Arrange your AR by age and assign specific actions as follows:
| AR Age | Priority Level | Action Required |
| 0–30 days | Standard | Confirm the claim was submitted Monitor payer acknowledgement |
| 31–60 days | Elevated | Follow up with the payer Confirm claim status |
| 61–90 days | High | Move to senior staff File an appeal if denied Document all contacts |
| 91–120 days | Urgent | Begin the appeal process.Try secondary billing |
| 120+ days | Critical | Bring in leadership Consider write-off or collections |
Make Denial Root-Cause Analysis Part of Your Monthly Medical Billing and Accounts Receivable Review
Track medical billing and accounts receivable denial patterns monthly to prevent costly errors. Categorize every denial by root cause, like coding error, eligibility issue, missing authorization, and untimely filing, for easy tracking over time.
Give Patients More Ways to Pay and Fewer Reasons to Delay
If you want to improve patient accounts receivable collection, then you need to remove friction within it. Offer online payment portals, payment plans for balances above a defined threshold, text-to-pay options, and point-of-service collection at checkout. You can also send digital statements that link directly to payment.
Automate Follow-Ups So Nothing in Your Medical Receivables Sits Idle
Manual follow-up does not scale. Use your practice management system or billing platform to ensure automated service. Every claim in your healthcare accounts receivable queue should have a next action and a next action date assigned.
Net Collection Ratio
Net collection ratio measures how much of your healthcare accounts receivable management services-adjusted collectable revenue you are actually collecting, after contractual adjustments, but accounting for timely filing write-offs and uncollectible accounts. If it’s below 90%, it indicates that most collectable revenue is being written off that should have been pursued.
When Does Outsourcing Medical Accounts Receivable Services Make More Sense Than Managing It In-House?
There is a point at which internal management of accounts receivable and collection for the medical practice becomes more costly, and most practices reach it sooner than they expect.
Consider outsourcing your AR management when:
- Your AR days are consistently above 45 and not improving despite internal effort.
- Your denial rate exceeds 10%, and you lack the capacity to rework claims systematically.
- Billing staff turnover is creating gaps in follow-up and institutional knowledge.

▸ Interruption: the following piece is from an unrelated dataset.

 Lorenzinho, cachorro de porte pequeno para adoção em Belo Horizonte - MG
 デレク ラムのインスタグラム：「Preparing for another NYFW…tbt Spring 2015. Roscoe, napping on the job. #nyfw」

- Your practice is growing faster than your billing infrastructure can scale.
- You are spending more time managing billing operations than managing patient care.

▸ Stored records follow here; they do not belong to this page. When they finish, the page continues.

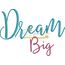 Dream Big Snap Shot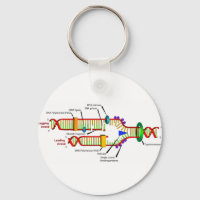 DNA replication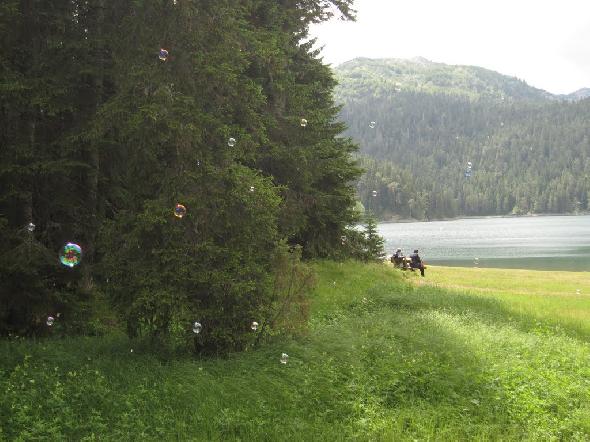 Bildname: IMG_6108.JPG 
 Breite: 1024 Pixel 
 H�he: 768 Pixel 
 Gr�sse: 139 kB 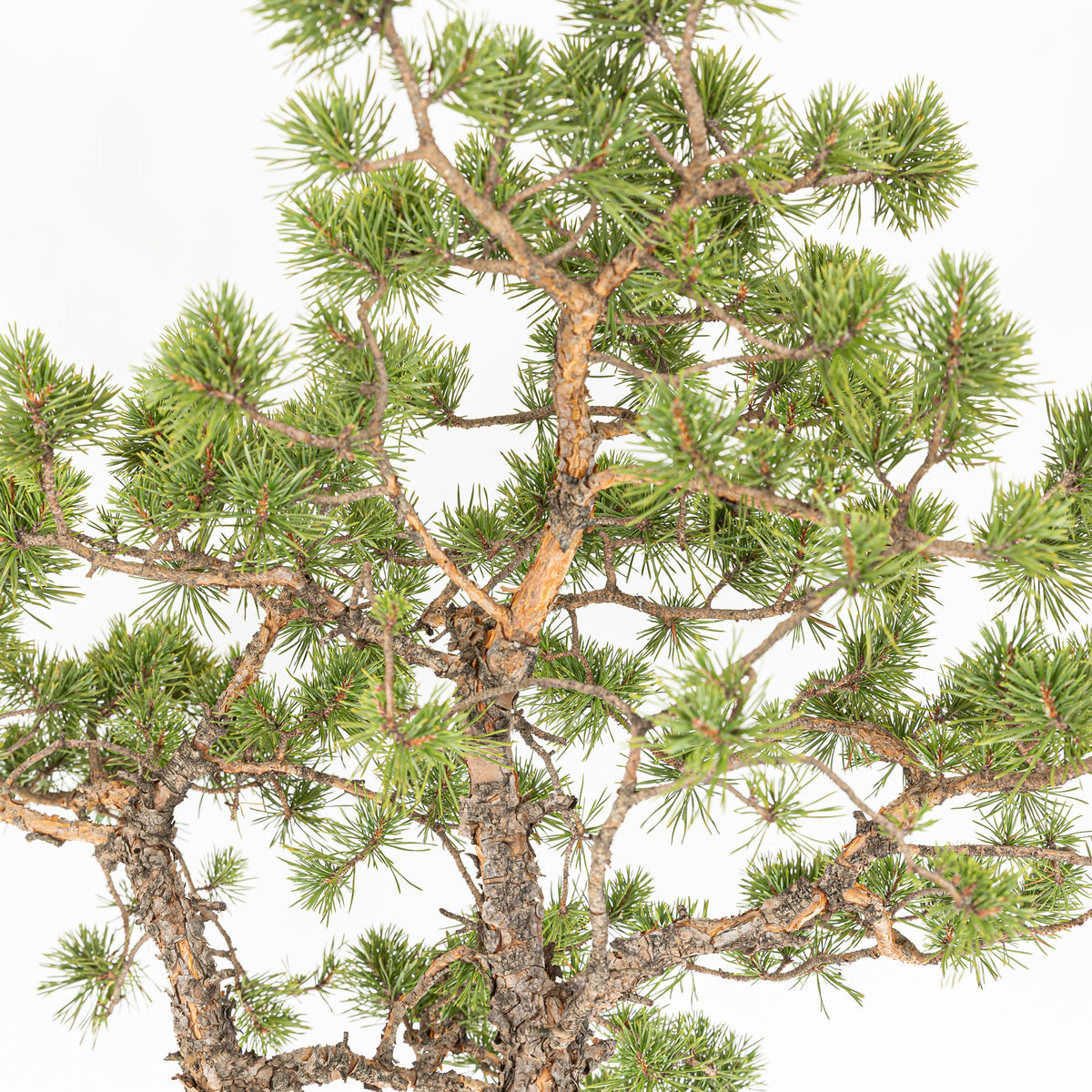 Bonsái - Pino silvestre (Pinus sylvestris) - PS10638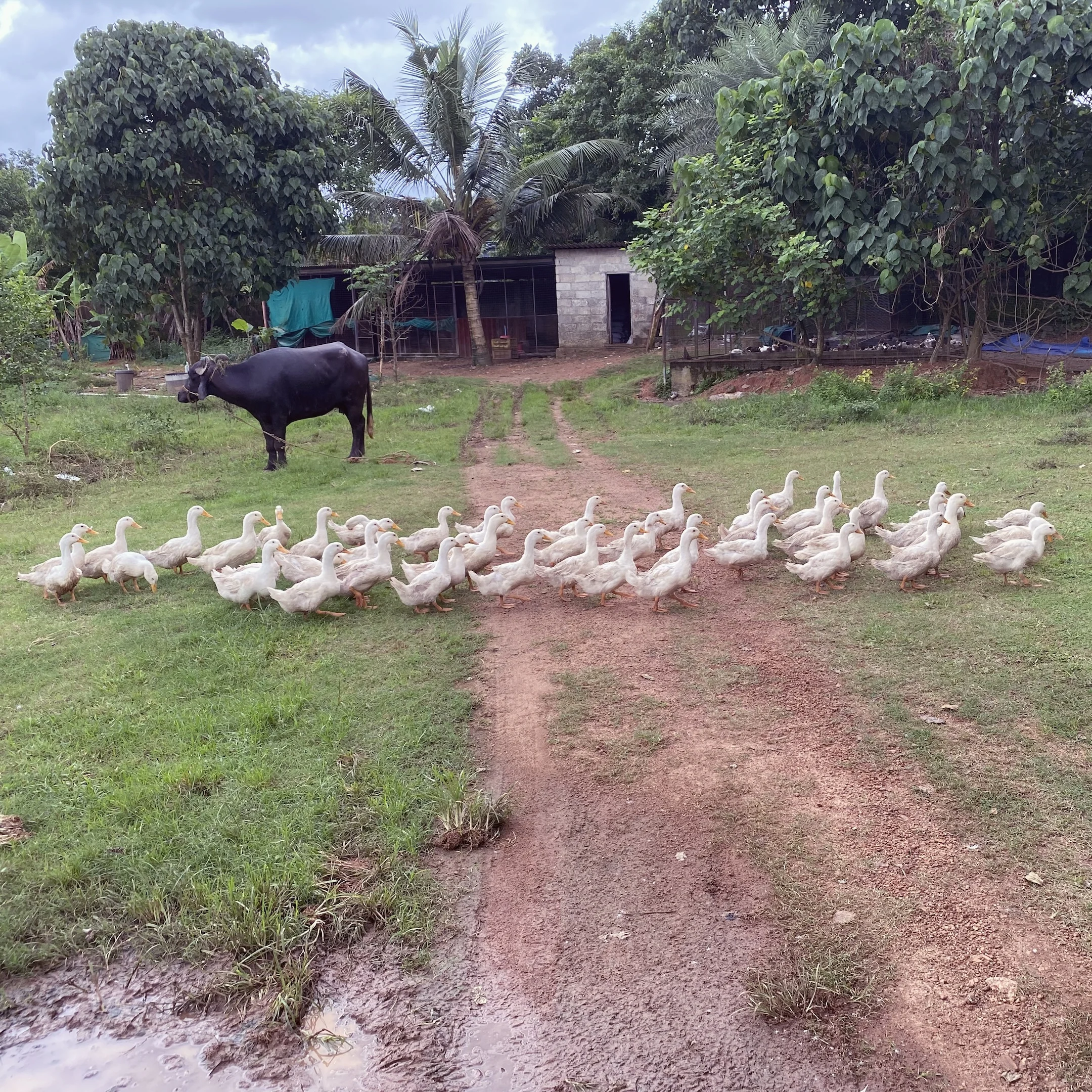 A herd of ducks and a cow in a field.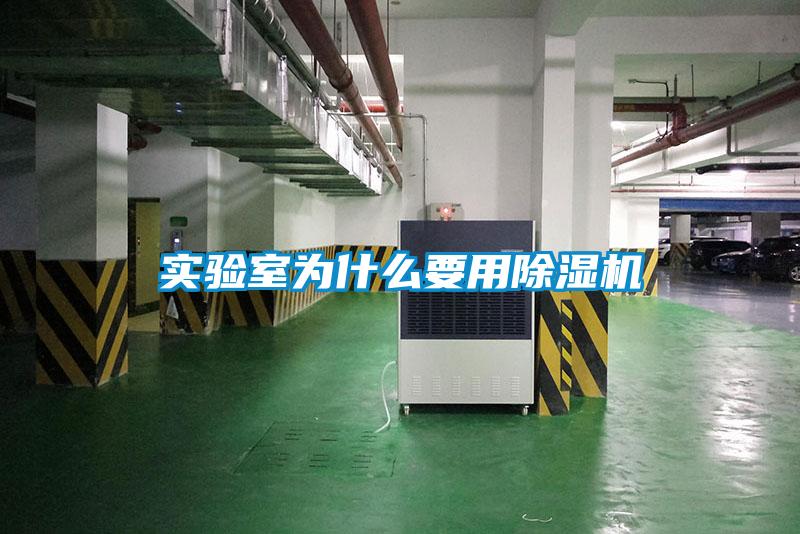 实验室为什么要用香蕉福利视频机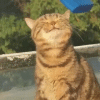 aKXBq9G0_700wv_0.gif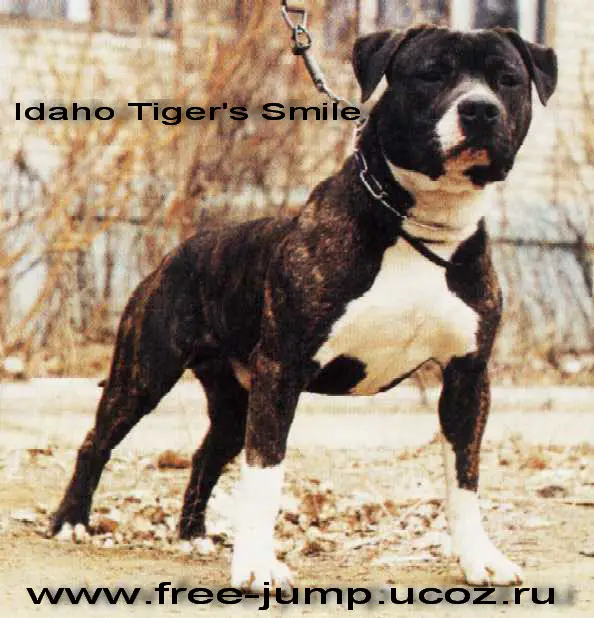 Idaho Tiger's Smile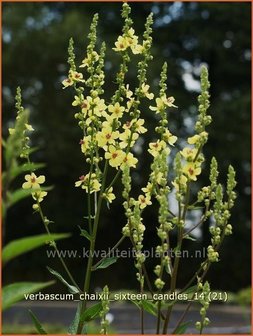 Verbascum chaixii &#039;Sixteen Candles&#039; | Toorts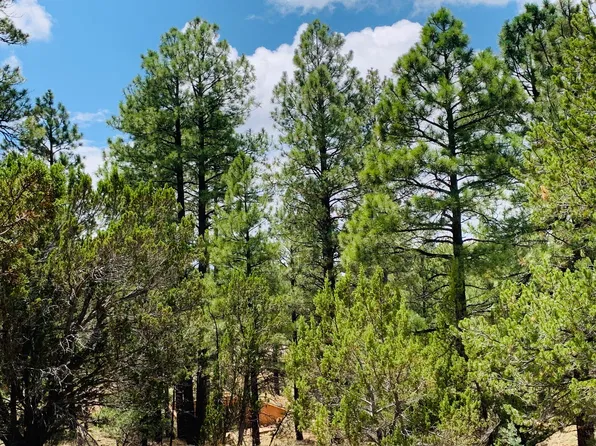6373 Whispering Pine Dr, Happy Jack, AZ 86024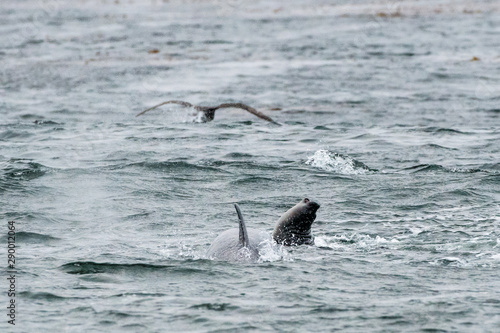 orca killing elephant seal pup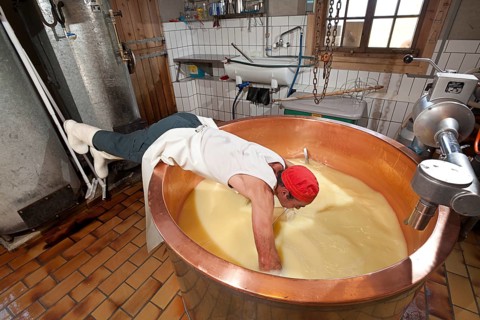 Dairyman spreading the cloth in a copper kettle to separate the whey from the curd and to skim off the cottage cheese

Outsourced healthcare accounts receivable management services provide dedicated expertise, proven workflows, and the technology infrastructure. They manage your entire AR cycle, from eligibility verification to denial resolution to patient balance follow-up.
For example, CEC has a team of experts that provides high-quality medical accounts receivable services that are centered around a simple promise: collecting every dollar your practice is entitled to, as quickly as possible. Every account in your AR queue is scheduled for next-action status. No account falls by the wayside without a documented follow-up effort in place. The experts analyze denials every month and use positive trends to improve the process and decrease the denial rate over time.
Wrapping Up!
Accounts receivable management in healthcare has a significant bearing on your practice’s financial well-being. From clean claims to denials and finally, patient balance follow-up, they all contribute to how much of your practice’s earnings are ultimately collected. If you’re a practice that takes accounts receivable management as a priority, then you can outperform on collection rates, cash flow, and long-term financial stability.
FAQs
What is a good AR benchmark for a medical practice?
Most high-performing practices target 35 days or fewer.
What is accounts receivable in healthcare, and why does it matter?
Accounts receivable in healthcare is every dollar owed to your practice for services already delivered. It directly affects your net income and cash flow.
How do I reduce my medical practice’s denial rate?
- Verify eligibility before every visit.
- Submit clean claims within 24–48 hours.
- Run monthly denial root-cause analysis.